TASK OBJECTIVE → Quote exactly the lines spanning from the top of the data below to the line that contains "Believe in the", including both.

MATERIAL TO PROCESS START

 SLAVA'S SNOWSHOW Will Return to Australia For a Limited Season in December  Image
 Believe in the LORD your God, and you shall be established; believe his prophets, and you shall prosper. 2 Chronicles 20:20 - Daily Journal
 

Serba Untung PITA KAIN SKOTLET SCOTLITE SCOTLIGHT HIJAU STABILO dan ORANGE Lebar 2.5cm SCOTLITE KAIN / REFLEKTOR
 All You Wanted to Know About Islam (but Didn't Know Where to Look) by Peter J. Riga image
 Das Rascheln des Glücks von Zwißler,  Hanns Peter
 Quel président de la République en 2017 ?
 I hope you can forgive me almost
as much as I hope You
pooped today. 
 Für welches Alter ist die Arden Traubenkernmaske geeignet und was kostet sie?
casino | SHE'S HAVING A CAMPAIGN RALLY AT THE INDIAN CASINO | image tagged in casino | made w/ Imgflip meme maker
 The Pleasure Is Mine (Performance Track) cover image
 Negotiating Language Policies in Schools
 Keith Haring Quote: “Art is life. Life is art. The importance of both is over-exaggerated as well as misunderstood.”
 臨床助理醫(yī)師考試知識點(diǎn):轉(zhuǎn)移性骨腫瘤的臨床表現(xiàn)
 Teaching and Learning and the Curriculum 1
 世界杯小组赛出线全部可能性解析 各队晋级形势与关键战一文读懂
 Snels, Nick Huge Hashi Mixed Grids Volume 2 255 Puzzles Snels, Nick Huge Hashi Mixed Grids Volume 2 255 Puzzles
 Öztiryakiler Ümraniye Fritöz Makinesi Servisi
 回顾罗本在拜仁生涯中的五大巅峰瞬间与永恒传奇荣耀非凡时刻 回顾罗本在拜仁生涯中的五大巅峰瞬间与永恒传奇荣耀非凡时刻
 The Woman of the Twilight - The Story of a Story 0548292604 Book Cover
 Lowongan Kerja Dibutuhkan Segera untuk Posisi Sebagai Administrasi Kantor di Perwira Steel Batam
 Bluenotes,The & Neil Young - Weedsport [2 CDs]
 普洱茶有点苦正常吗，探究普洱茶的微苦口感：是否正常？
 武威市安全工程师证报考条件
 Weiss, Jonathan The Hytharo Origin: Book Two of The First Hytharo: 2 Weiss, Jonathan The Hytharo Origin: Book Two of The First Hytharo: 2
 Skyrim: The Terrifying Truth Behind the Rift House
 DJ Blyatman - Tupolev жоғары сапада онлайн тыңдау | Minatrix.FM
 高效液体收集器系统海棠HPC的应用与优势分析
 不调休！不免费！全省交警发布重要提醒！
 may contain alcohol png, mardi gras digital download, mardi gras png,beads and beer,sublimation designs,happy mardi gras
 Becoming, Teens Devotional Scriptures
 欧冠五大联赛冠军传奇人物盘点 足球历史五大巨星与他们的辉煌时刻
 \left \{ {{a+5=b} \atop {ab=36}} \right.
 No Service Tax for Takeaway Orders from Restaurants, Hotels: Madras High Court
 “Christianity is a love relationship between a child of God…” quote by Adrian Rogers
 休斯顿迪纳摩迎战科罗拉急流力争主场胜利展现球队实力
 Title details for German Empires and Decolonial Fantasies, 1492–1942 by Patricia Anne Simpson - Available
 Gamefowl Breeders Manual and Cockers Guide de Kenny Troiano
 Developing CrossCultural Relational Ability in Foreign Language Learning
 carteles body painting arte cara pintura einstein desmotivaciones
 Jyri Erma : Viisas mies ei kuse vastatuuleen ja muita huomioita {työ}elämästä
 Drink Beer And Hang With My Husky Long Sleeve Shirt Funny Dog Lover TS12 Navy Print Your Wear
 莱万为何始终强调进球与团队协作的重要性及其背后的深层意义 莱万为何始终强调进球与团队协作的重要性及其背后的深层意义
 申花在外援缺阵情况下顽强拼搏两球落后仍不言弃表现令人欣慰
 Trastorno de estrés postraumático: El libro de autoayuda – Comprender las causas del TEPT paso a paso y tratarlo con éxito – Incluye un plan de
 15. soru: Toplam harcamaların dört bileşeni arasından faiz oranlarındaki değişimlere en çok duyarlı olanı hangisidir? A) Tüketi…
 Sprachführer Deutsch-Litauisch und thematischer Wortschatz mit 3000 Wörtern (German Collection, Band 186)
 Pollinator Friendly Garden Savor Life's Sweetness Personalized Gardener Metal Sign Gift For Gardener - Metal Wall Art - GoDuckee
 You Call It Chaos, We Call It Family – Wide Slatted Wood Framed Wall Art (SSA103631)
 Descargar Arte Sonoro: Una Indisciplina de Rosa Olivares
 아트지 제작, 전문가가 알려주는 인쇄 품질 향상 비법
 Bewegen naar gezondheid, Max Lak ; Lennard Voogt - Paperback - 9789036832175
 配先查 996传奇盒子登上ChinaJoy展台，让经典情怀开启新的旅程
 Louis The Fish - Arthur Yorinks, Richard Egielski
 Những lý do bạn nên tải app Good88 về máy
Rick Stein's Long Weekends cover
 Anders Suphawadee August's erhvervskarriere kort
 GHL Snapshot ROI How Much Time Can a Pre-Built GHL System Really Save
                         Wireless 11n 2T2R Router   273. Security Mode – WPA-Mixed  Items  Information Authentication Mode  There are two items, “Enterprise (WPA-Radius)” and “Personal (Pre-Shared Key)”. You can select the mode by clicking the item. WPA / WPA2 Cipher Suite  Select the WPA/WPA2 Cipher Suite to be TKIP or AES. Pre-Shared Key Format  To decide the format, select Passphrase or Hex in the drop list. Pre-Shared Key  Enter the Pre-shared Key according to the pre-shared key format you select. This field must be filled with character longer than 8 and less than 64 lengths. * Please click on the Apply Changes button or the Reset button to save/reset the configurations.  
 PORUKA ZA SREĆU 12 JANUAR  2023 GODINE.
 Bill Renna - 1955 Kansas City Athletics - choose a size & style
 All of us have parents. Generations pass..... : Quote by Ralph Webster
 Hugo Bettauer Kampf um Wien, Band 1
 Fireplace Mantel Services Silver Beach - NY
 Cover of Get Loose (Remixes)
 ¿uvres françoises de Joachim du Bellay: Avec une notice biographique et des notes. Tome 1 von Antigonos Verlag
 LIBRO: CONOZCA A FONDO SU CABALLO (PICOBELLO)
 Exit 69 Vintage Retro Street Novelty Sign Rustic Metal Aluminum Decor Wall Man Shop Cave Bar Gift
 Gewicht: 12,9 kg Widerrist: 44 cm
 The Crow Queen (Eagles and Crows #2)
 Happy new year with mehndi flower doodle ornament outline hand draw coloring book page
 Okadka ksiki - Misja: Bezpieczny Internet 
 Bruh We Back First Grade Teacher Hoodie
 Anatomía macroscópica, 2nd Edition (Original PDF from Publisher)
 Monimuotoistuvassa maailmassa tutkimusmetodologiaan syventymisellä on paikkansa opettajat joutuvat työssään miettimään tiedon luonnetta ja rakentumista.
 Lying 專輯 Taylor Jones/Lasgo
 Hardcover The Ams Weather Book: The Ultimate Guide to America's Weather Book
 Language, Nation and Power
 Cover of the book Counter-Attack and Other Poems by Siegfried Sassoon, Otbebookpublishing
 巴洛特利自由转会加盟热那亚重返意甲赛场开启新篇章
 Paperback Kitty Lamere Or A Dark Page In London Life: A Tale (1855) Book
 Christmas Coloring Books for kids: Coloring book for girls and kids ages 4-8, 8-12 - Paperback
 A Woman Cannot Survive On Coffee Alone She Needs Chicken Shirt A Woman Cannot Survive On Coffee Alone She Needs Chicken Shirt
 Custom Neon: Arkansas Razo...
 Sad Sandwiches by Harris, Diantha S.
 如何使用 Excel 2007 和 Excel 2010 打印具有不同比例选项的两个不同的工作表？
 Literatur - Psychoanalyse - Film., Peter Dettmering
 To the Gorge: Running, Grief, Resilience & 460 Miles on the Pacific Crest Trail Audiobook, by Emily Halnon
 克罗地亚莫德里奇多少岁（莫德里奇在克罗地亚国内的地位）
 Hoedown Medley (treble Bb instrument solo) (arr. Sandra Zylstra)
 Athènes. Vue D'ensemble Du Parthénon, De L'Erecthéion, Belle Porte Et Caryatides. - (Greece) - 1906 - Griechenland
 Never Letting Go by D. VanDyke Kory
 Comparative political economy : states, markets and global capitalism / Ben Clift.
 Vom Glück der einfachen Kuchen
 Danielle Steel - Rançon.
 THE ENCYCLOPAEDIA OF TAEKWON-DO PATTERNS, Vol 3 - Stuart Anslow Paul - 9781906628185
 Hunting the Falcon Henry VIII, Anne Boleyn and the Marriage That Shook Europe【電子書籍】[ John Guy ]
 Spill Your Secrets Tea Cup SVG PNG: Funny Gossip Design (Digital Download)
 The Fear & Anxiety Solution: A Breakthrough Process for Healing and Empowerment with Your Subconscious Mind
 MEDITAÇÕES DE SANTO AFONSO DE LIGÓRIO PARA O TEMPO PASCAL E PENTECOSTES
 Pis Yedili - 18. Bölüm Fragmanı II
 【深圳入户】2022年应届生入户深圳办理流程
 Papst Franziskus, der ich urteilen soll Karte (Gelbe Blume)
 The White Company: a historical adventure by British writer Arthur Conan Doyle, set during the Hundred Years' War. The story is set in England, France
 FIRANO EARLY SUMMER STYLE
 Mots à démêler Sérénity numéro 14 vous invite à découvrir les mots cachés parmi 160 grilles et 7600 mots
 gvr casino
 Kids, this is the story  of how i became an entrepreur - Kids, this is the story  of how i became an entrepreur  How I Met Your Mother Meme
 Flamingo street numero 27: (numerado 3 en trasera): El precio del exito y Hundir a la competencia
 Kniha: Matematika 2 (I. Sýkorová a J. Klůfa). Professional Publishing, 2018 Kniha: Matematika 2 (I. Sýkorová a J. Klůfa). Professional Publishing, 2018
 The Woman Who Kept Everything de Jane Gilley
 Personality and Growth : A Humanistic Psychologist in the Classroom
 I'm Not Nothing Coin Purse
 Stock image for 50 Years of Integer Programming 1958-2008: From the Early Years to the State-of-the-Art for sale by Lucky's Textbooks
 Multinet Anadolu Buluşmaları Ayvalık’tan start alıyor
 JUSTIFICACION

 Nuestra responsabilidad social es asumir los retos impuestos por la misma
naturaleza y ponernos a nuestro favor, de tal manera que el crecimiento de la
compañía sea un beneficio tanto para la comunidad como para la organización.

MATERIAL TO PROCESS END

YOUR RESPONSE →
 SLAVA'S SNOWSHOW Will Return to Australia For a Limited Season in December  Image
 Believe in the LORD your God, and you shall be established; believe his prophets, and you shall prosper. 2 Chronicles 20:20 - Daily Journal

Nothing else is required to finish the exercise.